Andrea Shalal
[ワシントン 17日 ロイター] - 世界銀行は17日、6月までの1年間で1120億ドルの民間資本を誘致したと発表した。前年の690億ドルを上回り、マスターカードの元最高経営責任者(CEO)であるアジェイ ・バンガ氏が総裁に就任する前の2022年度の3倍以上に相当する。
世銀が仲介するプロジェクトへのこの過去最高のコミットメント額は、同年度における自己資金からの1230億ドルに上乗せされ、合計で2350億ドルとなる。

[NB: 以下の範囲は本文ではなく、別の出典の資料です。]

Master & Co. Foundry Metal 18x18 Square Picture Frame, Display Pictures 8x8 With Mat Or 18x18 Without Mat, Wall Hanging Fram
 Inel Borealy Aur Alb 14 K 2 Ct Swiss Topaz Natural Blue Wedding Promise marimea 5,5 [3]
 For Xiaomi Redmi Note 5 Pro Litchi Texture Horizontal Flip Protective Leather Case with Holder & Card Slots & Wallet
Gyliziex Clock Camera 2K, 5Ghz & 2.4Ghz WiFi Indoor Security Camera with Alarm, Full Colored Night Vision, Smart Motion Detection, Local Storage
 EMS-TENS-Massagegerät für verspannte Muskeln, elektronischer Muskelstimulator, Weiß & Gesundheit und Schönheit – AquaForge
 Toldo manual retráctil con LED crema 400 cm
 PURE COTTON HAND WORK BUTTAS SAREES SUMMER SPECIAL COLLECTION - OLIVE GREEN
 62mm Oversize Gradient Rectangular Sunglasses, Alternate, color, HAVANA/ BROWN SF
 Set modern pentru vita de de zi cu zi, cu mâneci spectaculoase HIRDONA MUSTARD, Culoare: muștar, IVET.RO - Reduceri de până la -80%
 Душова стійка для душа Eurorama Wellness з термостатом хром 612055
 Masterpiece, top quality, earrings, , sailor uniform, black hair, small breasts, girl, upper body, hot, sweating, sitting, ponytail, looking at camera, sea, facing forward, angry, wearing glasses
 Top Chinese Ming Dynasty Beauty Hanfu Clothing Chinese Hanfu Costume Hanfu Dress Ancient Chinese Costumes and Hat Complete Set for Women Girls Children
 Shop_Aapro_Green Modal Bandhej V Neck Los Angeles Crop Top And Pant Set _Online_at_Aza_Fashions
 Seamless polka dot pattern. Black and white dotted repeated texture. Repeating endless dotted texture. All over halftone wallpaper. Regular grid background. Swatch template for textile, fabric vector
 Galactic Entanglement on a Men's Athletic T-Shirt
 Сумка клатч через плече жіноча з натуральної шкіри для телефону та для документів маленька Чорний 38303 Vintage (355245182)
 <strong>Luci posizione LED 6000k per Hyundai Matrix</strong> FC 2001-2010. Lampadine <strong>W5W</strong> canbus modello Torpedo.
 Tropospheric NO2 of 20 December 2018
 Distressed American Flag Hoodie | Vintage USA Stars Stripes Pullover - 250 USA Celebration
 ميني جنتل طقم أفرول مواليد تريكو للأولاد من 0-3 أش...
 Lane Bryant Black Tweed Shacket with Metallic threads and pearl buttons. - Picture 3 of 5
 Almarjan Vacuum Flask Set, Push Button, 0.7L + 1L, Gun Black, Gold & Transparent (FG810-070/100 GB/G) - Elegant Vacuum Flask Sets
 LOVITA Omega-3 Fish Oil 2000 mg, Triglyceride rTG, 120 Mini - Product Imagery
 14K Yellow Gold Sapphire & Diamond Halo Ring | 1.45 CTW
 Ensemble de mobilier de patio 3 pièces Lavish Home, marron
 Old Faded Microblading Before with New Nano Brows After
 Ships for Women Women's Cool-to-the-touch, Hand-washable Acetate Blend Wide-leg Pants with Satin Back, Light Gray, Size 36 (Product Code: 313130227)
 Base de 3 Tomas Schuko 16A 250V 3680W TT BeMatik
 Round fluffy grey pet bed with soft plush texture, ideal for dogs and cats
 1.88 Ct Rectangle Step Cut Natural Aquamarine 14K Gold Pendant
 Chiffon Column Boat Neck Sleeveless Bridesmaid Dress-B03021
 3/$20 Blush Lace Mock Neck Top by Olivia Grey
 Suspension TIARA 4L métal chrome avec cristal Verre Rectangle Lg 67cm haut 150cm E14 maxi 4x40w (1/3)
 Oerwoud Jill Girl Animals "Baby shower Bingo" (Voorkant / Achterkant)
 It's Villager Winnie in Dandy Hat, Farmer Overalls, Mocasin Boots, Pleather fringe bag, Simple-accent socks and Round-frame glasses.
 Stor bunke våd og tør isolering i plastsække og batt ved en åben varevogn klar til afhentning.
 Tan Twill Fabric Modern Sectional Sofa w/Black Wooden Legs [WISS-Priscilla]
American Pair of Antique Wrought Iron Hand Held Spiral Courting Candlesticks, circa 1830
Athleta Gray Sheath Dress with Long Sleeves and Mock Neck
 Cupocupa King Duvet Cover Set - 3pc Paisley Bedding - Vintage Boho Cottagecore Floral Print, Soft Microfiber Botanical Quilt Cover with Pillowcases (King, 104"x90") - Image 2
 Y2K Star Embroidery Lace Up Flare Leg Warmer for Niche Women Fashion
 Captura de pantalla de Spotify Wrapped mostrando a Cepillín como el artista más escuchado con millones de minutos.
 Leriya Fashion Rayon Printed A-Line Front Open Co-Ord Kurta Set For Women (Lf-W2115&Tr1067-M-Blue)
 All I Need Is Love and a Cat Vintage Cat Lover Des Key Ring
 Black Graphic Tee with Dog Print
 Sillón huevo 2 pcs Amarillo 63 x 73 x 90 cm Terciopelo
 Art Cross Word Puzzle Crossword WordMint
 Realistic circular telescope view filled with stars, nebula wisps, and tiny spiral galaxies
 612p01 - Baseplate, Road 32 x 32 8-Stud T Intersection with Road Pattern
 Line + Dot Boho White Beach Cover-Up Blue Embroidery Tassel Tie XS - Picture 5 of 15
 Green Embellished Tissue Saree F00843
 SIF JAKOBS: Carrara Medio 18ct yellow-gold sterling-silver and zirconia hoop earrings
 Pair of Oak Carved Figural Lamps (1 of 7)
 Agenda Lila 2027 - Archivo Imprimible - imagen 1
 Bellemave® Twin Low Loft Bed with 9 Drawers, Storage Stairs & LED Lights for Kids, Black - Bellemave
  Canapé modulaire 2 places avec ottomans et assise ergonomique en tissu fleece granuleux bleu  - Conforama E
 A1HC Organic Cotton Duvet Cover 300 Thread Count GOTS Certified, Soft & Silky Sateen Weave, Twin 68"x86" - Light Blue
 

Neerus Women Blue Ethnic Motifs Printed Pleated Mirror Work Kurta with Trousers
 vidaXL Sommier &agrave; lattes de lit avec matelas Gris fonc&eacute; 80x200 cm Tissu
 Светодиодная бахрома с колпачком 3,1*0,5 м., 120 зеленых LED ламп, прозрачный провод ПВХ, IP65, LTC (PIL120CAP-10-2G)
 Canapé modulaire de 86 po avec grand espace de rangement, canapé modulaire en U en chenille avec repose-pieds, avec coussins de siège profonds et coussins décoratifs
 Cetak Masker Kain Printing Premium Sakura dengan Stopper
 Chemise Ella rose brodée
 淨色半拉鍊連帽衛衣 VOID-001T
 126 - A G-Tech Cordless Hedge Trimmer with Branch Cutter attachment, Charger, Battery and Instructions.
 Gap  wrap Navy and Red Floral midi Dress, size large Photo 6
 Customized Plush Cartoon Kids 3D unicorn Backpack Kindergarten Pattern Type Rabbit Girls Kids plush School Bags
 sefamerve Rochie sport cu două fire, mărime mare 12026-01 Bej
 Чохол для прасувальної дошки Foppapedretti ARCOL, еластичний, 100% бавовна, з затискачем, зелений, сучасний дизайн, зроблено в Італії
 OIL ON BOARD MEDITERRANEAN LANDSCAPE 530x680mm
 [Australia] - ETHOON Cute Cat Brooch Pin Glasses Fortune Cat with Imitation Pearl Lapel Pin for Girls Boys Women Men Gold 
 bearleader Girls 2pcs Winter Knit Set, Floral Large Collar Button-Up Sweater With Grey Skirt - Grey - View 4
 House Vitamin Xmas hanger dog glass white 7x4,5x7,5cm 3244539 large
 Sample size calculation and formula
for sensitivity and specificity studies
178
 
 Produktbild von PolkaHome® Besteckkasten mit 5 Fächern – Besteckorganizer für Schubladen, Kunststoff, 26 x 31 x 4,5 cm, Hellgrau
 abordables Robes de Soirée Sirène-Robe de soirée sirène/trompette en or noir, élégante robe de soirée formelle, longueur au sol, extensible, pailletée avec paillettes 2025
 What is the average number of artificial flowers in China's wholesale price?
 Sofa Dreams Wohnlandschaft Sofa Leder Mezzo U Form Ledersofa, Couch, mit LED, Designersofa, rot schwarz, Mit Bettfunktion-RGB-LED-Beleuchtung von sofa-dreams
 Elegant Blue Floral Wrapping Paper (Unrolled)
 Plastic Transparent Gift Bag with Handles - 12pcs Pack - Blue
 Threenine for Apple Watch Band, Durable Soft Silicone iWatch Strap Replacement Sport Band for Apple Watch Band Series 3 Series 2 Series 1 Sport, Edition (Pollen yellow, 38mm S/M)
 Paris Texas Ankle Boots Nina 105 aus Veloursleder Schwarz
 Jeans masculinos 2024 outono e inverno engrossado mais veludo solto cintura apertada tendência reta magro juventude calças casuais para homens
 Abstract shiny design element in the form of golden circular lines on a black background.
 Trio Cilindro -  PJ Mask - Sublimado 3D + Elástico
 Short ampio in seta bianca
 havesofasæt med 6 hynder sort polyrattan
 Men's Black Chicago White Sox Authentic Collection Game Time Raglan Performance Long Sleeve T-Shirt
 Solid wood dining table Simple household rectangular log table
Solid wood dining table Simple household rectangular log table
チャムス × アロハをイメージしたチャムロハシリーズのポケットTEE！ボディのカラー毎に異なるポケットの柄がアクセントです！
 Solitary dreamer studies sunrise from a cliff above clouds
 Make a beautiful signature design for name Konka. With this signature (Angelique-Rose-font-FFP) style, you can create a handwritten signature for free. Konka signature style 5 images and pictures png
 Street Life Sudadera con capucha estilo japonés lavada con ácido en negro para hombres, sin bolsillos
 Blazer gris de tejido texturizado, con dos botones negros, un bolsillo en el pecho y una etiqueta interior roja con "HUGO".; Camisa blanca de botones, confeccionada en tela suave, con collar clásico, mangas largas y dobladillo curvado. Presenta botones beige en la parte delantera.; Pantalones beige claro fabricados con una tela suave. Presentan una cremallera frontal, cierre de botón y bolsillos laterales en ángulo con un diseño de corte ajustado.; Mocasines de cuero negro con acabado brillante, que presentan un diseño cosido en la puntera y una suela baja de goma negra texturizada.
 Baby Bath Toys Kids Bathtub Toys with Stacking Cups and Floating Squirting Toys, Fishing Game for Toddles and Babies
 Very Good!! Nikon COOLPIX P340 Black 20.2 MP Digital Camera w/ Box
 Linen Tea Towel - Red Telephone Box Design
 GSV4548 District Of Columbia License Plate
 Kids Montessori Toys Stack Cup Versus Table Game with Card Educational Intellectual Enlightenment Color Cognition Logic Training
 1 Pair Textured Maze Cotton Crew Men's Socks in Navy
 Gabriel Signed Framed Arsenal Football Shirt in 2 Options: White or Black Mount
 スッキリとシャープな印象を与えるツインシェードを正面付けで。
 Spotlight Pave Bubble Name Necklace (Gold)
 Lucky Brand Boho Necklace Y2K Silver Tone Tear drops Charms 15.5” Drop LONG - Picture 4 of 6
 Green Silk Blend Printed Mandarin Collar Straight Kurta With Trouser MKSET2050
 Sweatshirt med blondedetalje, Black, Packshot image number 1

バンガ総裁はインタビューで、年金基金、保険会社、資産運用会社といった機関投資家にアピールするため、融資の標準化とパッケージ化に取り組んでおり、2─3年以内に民間資本を2倍以上に増やし、2000億ドル超にすることを目指していると語った。
バンガ氏は政府開発援助(ODA)が減少する中、開発途上国がエネルギー転換、教育、医療、農業に充てるための莫大な資金需要を踏まえ、民間資本誘致を優先課題としている。
同氏は「政府や私たち、あるいは慈善団体でさえ、システム内に数兆規模の資金があるわけではない。だから必要なのは、豊富な民間資本を引き出す方法を見つけることだ。民間資本は優れた投資機会と良好なリターンを求めている」と述べた。
民間企業は、規制の不確実性、政治的リスク、現地通貨に関する課題を理由に、開発途上国への大規模な投資を敬遠してきた。
バンガ氏は23年6月に世銀総裁に就任した後、「民間セクター投資ラボ」を招集し、米資産運用会社ブラックロックのラリー・フィンク創業者をはじめとする専門家を招いてこうした懸念に対処する方法を検討するとともに、グループ全体でこれらの課題に取り組むための措置を講じてきた。
バンガ氏は、26年度に誘致した1120億ドルは、数多くの取り組みの成果だと強調した。